Frame interpolation is exactly what it sounds like--in between any two frames (namely, the last update and the update before that one), I am able to calculate an interpolated position. For example, let's say a monster was at position (30, 40) at frame #53, and at position (40, 50) at frame #54. The sequence of events is as follows:
1. The game update loop begins frame #54 (that is, the physical world updates--this has nothing to do with rendering!)
2. All entities (actually, just entities that need to be updated--more on this later) have their transformation stamped/saved. This occurs before anything else, so the stamped values represent the position, rotation, scale, etc. of the entity as it was at the end of frame #53.
3. The update loop runs as normal for frame #54. Entities might move around via controllers, scripts, collisions, or whatever.
4. At this point, the monster has a stamped position of (30, 40) and a current position of (40, 50).
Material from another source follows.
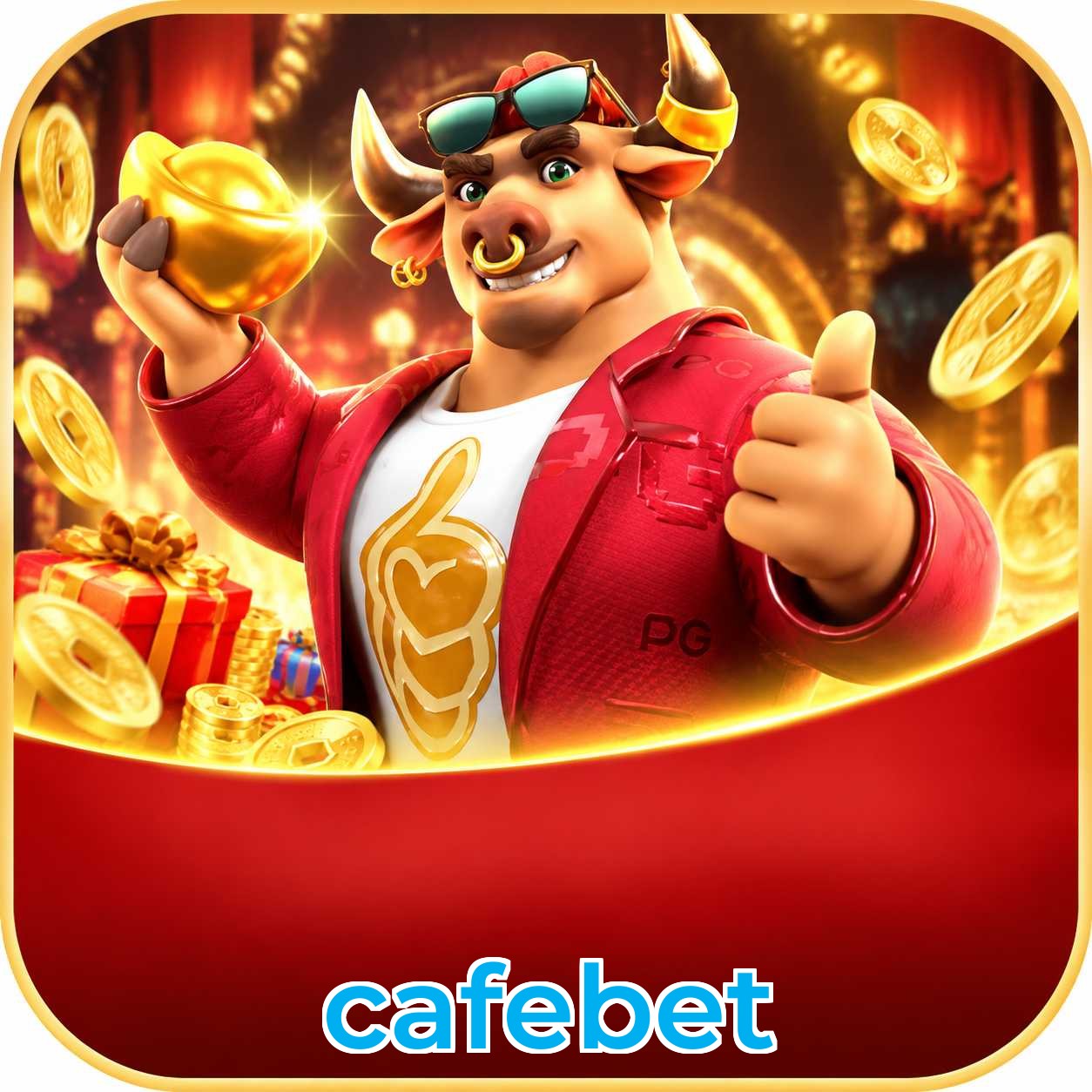 cafebet Logo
Now that the update is complete, the rendering process begins. Let's say we're running at 20 physical frames per second--that's a whopping 50 milliseconds before the next update must occur, and we'll use the time to draw as many frames as possible. Let's say that rendering a frame takes 5 milliseconds.
1. The game loop needs to accumulate 50 ms before the next physical update. We set the counter to 0.
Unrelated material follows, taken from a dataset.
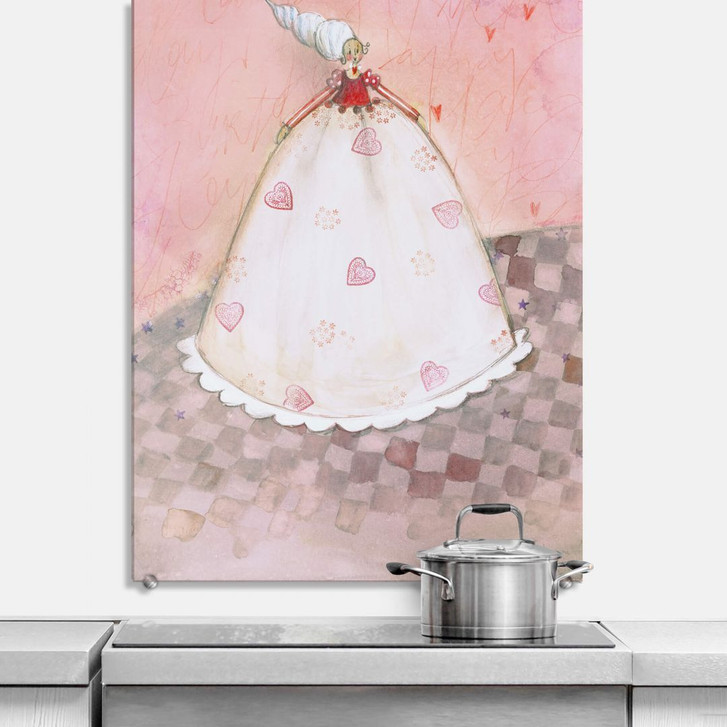 Spritzschutz Leffler - Madame Muffin - WA259837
2. The interpolation value is calculated as 0/50, or 0
3. The game renders with an interpolation value of 0, which means the monster is drawn at (30, 40).
4. The counter is incremented to 5, so the interpolation value is now 5/50, or 0.1
5. The game renders with an interpolation value of 0.1, which means the monster is drawn at (31, 41).
6. This process continues until the interpolation value exceeds 1, at which point the monster will be drawn near (40, 50) and the next update will occur.
This exact process is what you're seeing in the second part of the video. Of course, it's still a little messed up--you can see a noticeable lag in when the sword swings and the enemies are hit. No matter how smooth the rendering is, a game updated at 20 frames per second is going to play weird and have lag.
Other than the points below, that's all for this week. I've also implemented a shield, but I'd rather wait until I have real graphics instead of the hideous temp art before showing off that one. Until next week!
Some points of interest / objections:
Why not just run at a variable timestep, updating as often as possible?
A lot of games do this. Sometimes it's a good solution, sometimes it isn't; I've read both sides of the argument. In the end, I've chosen for a fixed timestep because it yields repeatable and reliable physics results. Variable timesteps can lead to quirky behavior, such as giving those with a lower (or higher) framerate an 'advantage' in certain situations.
If the interpolation is linear and the object is moving non-linearly (e.g. sinusoidal or accelerated movement), won't that look weird?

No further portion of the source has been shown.